Operasional alat berat di Tempat Pembuangan Akhir (TPA) Burangkeng, Setu, Kabupaten Bekasi, mengalami penghentian sementara. Dinas Lingkungan Hidup (DLH) Kabupaten Bekasi menyatakan bahwa kendala teknis ini belum memberikan dampak langsung secara luas kepada masyarakat luas.
Hingga saat ini, kondisi antrean truk yang mengangkut sampah dilaporkan masih berada dalam batas kendali. Penumpukan armada tersebut terpantau masih terkonsentrasi di dalam area pembuangan dan belum meluber ke area permukiman atau jalan protokol di sekitarnya.

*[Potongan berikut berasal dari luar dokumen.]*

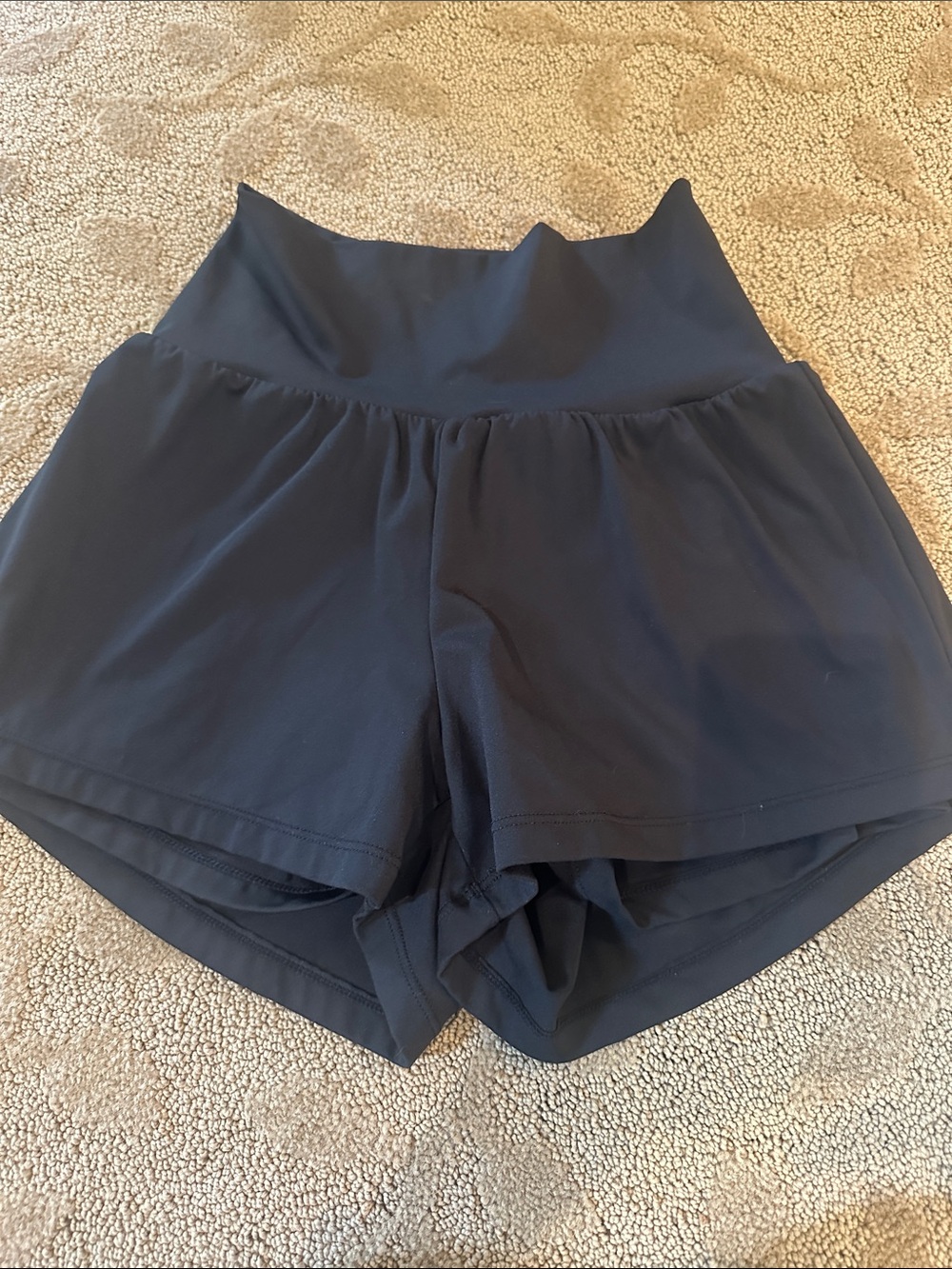 Women's High-Waist Black Athletic Shorts with boyshort liner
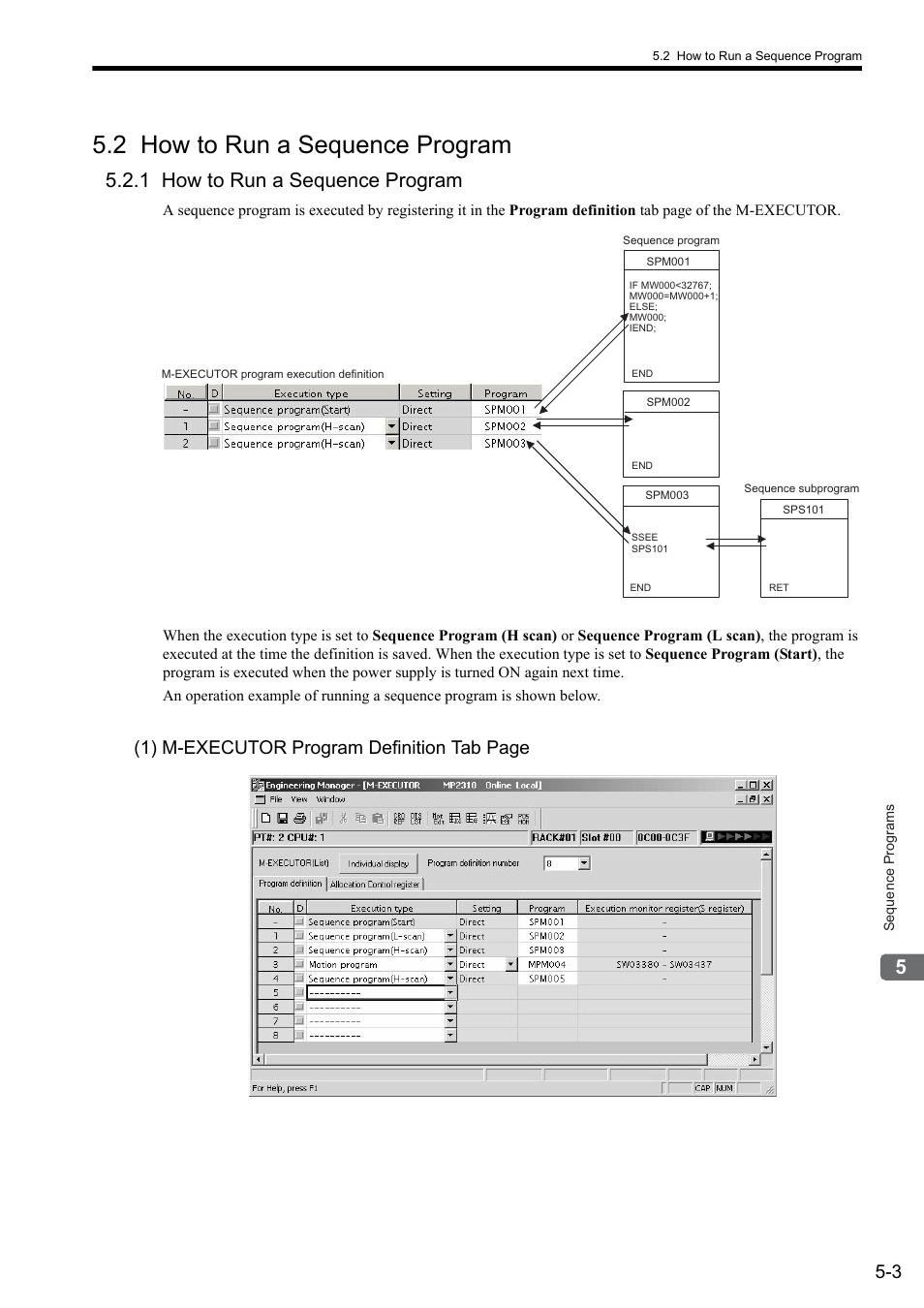 2 how to run a sequence program, 1 how to run a sequence program, 1) m-executor program definition tab page | Yaskawa MP2000 Series: User's Manual for Motion Programming User Manual | Page 70 / 356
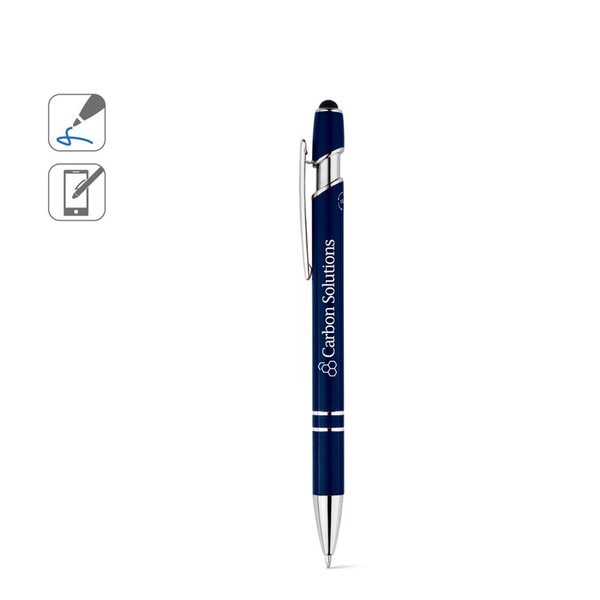 Kugelschreiber mit Gehäuse aus recyceltem Aluminium und Touch-Pen Druckknopf Bengik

Dikutip dari Megapolitan, Juru Bicara DLH Kabupaten Bekasi, Dedi Kurniawan, menjelaskan bahwa pihaknya terus memantau situasi di lapangan. Meskipun terjadi penumpukan kendaraan di titik pembuangan, penanganan masih terus dilakukan secara internal.
"Kalau dampak ke masyarakat sampai hari ini belum ada. Antrean masih di dalam lokasi TPA, belum sampai ke jalan," ujar Dedi saat memberikan konfirmasi pada Jumat, 24 April 2026.
Dedi tidak menampik adanya potensi gangguan pada sistem layanan pengangkutan sampah jika masalah ini tidak segera teratasi. Ia menyebutkan bahwa durasi keterlambatan dalam jadwal rutin pengangkutan sampah ke warga menjadi salah satu risiko utama.
"Pelayanan reguler ke warga kemungkinan akan mengalami ketidaksesuaian jadwal. Kalau yang seminggu sekali atau dua kali, berarti jadwalnya bisa molor," ujarnya.
Kewaspadaan terhadap dampak lanjutan tetap menjadi prioritas pihak DLH. Kekhawatiran utama terletak pada potensi kemacetan total armada pengangkut yang tertahan akibat tidak berfungsinya alat pengelola sampah di lokasi tersebut.
"Yang kami khawatirkan pelayanan ke masyarakat, karena truk banyak yang tertahan di TPA," kata dia.
Krisis operasional ini bermula sejak Kamis, 23 April 2026, ketika 22 unit alat berat yang dikelola oleh pihak ketiga berhenti bekerja. Masalah utama yang memicu berhentinya mesin-mesin tersebut adalah habisnya pasokan bahan bakar minyak (BBM).
Akibatnya, ratusan truk pengangkut sampah tidak memiliki akses untuk membongkar muatan mereka. Dedi mengungkapkan bahwa kenaikan harga BBM jenis Pertamina Dex menjadi faktor pemicu yang mengganggu kontrak kerja sama dengan vendor penyedia layanan.
Saat ini, DLH Kabupaten Bekasi tengah menempuh berbagai langkah strategis untuk memulihkan kondisi operasional di TPA Burangkeng. Koordinasi intensif dilakukan dengan berbagai perangkat daerah terkait guna mencari solusi atas kendala bahan bakar tersebut.
"Kami sedang mengupayakan berbagai opsi agar operasional TPA bisa berjalan kembali," ujar Dedi.
TPA Burangkeng merupakan fasilitas vital yang menampung beban sampah dari 187 desa dan 23 kecamatan di seluruh wilayah Kabupaten Bekasi. Pemerintah daerah menargetkan penyelesaian masalah ini dalam waktu singkat agar stabilitas layanan kebersihan tetap terjaga.